Department of Oncology, Asan Medical Center, University of Ulsan College of Medicine, Seoul, Republic of Korea.
Department of Pathology, Asan Medical Center, University of Ulsan College of Medicine, Seoul, Republic of Korea.
Clin Colorectal Cancer. 2017 Sep;16(3):e147-e152. doi: 10.1016/j.clcc.2017.01.005. Epub 2017 Jan 25.
Cetuximab has shown clinical benefit in patients with metastatic colorectal cancer (mCRC) harboring wild-type RAS. Human epidermal growth factor receptor 2 (HER2) amplification may be a mechanism of cetuximab resistance. We evaluated the association between HER2 amplification and cetuximab efficacy in patients with mCRC harboring wild-type RAS and BRAF.
Between December 2003 and June 2013, we identified 142 patients with mCRC whose tumors harbored both wild-type exons 2, 3, and 4 in KRAS and NRAS, and wild-type exon 15 in BRAF using high throughput sequencing (OncoMap version 4.0).
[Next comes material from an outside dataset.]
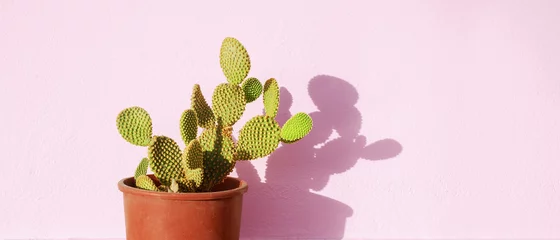 Crédence de cuisine en verre imprimé Cactus Cactus vert dans un pot de fleurs sur fond rose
All patients received cetuximab after oxaliplatin, irinotecan, and fluoropyrimidine failure. HER2 status was determined using immunohistochemistry and silver in situ hybridization (SISH) and correlated with cetuximab efficacy.
Of 142 RAS and BRAF wild-type tumors, we observed 7 cases (4.9%) of HER2 amplification by SISH. After a median follow-up of 13.2 months (range, 1.4-78.1 months), median progression-free survival (PFS) was significantly different according to HER2 status: 3.1 months in patients with HER2 amplification compared with 5.6 months in those with non-amplified HER2 (hazard ratio, 2.73; 95% confidence interval, 1.18-6.31; P = .019). Overall survival (OS) was not significantly different between groups, although there was a tendency towards shorter OS in patients with HER2-amplified tumors (hazard ratio, 1.31; 95% confidence interval, 0.61-2.82; 10.1 vs. 13.5 months; P = .488).
HER2 amplification is predictive of shorter PFS after cetuximab treatment in patients with mCRC harboring wild-type RAS and BRAF. Further study is warranted for this patient population.
西妥昔单抗在携带野生型 RAS 的转移性结直肠癌(mCRC)患者中显示出临床获益。人表皮生长因子受体 2(HER2)扩增可能是西妥昔单抗耐药的机制。我们评估了 HER2 扩增与携带野生型 RAS 和 BRAF 的 mCRC 患者中西妥昔单抗疗效之间的关系。
2003 年 12 月至 2013 年 6 月,我们使用高通量测序(OncoMap 版本 4.0)鉴定了 142 名 mCRC 患者,这些患者的肿瘤同时携带 KRAS 和 NRAS 外显子 2、3 和 4 以及 BRAF 外显子 15 的野生型。所有患者在奥沙利铂、伊立替康和氟嘧啶治疗失败后均接受西妥昔单抗治疗。HER2 状态通过免疫组化和银原位杂交(SISH)确定,并与西妥昔单抗疗效相关。
在 142 例 RAS 和 BRAF 野生型肿瘤中,我们通过 SISH 观察到 7 例(4.9%)HER2 扩增。在中位随访 13.2 个月(范围,1.4-78.1 个月)后,根据 HER2 状态,中位无进展生存期(PFS)差异有统计学意义:HER2 扩增患者为 3.1 个月,而非扩增 HER2 患者为 5.6 个月(风险比,2.73;95%置信区间,1.18-6.31;P=0.019)。尽管 HER2 扩增肿瘤患者的总生存期(OS)无显著差异,但 OS 有缩短趋势(风险比,1.31;95%置信区间,0.61-2.82;10.1 个月与 13.5 个月;P=0.488)。
在携带野生型 RAS 和 BRAF 的 mCRC 患者中,HER2 扩增预示着西妥昔单抗治疗后 PFS 较短。对于这部分患者人群,需要进一步研究。